“Engineered obsolescence” is an accusation that gets thrown at tech hardware a lot. And it’s often misapplied: Lithium-ion batteries really do wear down, especially when constantly recharged, and old software can’t keep running new applications forever. But in the case of some Western Digital hard drives, which appear to be sending out “replace me!” warnings after an arbitrary time limit even in the absence of any actual hardware faults, it might be entirely justified.
Such is the case with WD drives installed in some Synology network attached storage (NAS) devices, according to a report from Ars Technica. After running continuously for three years — which is fairly unremarkable for hard drives designed specifically for server storage — the analytics software pre-loaded in the Western Digital drives alert Synology’s DiskStation Manager interface. Alerts it to what?

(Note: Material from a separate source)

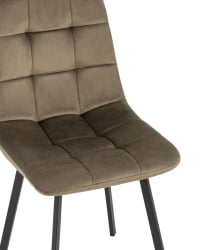 Комплект из четырех стульев Chilly велюр коричневый ножки металл черные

That the drive has been running for three years, and that’s all. The recommended action is to replace the drive…and it’s surely coincidental that this happens shortly after the three calendar years of some drives’ standard manufacturer warranty.

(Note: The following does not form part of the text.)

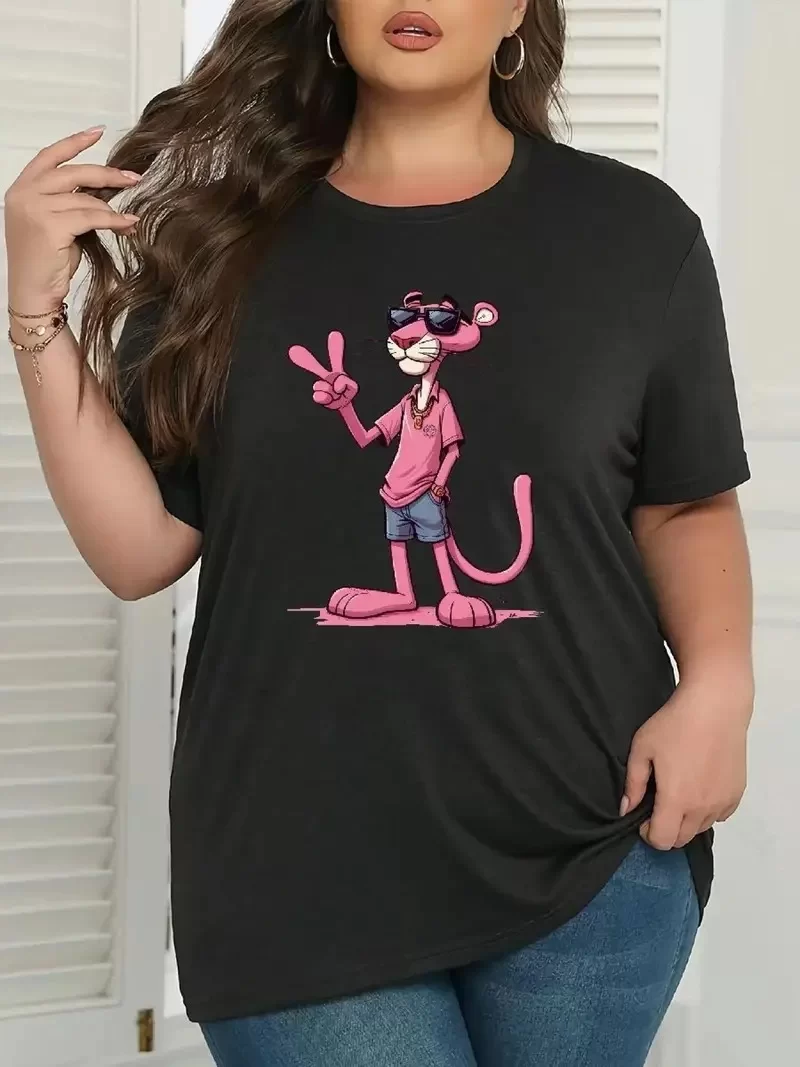 20/1 Penye Compack Pembe Panter Baskılı Oversize Bisiklet Yaka Kısa Kol Yazlık T-shirt - Beyaz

While the warnings can occur in absence of any other, genuine problems with a hard drive, they’re causing headaches for Synology users. Banked drives in a NAS with an active alert can’t be used to repair or expand a pool of storage from another source. So users either have to replace the drive in question — which, again, may have no error or malfunction aside from the fact that its active hours count has ticked over that three years mark — or disable the drive’s analytic system, possibly missing out on genuine alerts in the future.

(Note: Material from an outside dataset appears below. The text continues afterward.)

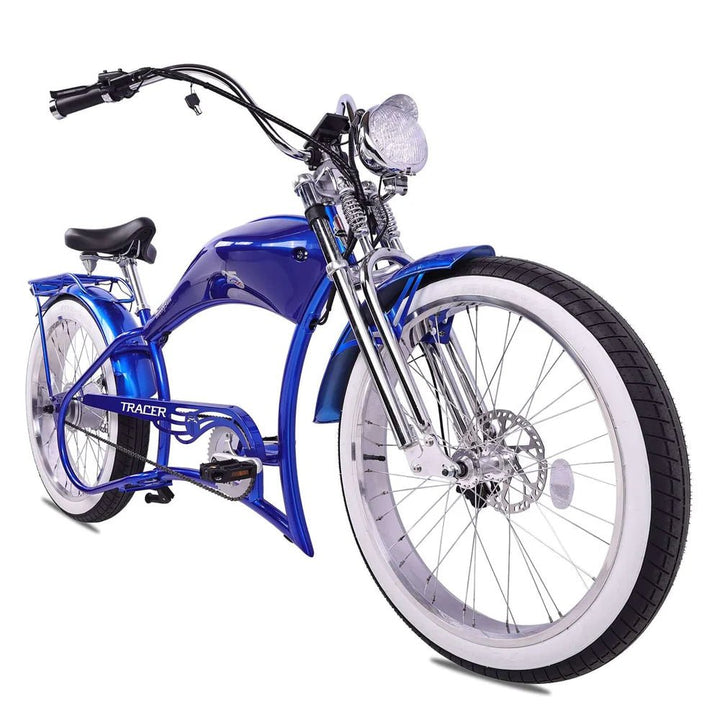 Tracer Twenty5 800W Chopper Stretch Cruiser Tracer Chopper Cruiser Electric Bikes Matte Black 14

And “ticked” is an accurate way to describe the reaction of Synology users all over the internet. On Reddit subs, support pages, and YouTube channels, NAS users are pouring out bowls of wrath on Western Digital and the affected product lines: WD Red Plus, Red Pro, and Purple hard drives. The general accusation is that the WD Device Analytics software (WDDA) is throwing up bogus warnings, trying to get customers to buy new replacements for perfectly functional hard drives.
Synology is caught in the middle for designing software that works with Western Digital’s warning system, in the possibly misplaced faith that it would only report genuine hardware errors. The NAS manufacturer is encouraging affected users to disable the WDDA system in Storage Manager to clear the warning and restore full repair and expansion functionality.
The kerfuffle is the latest in a series of controversies that find users accusing manufacturers of trying to artificially shorten the life of their products in hopes of selling more replacements. Printer ink cartridges often send an “empty” signal long before their reservoirs have fully run dry (a situation not helped by arbitrary DRM forcing you to buy manufacturer brands), and even Apple has been accused of slowing down older iPhones in order to juice sales. Google-powered Chromebooks have arbitrary time limits on their security updates, and Microsoft seems to be doing everything in its power to push users onto Windows 11. How much of this is truly malicious and how much is business as usual — and whether there’s actually a distinction between those two — is a matter for continual debate.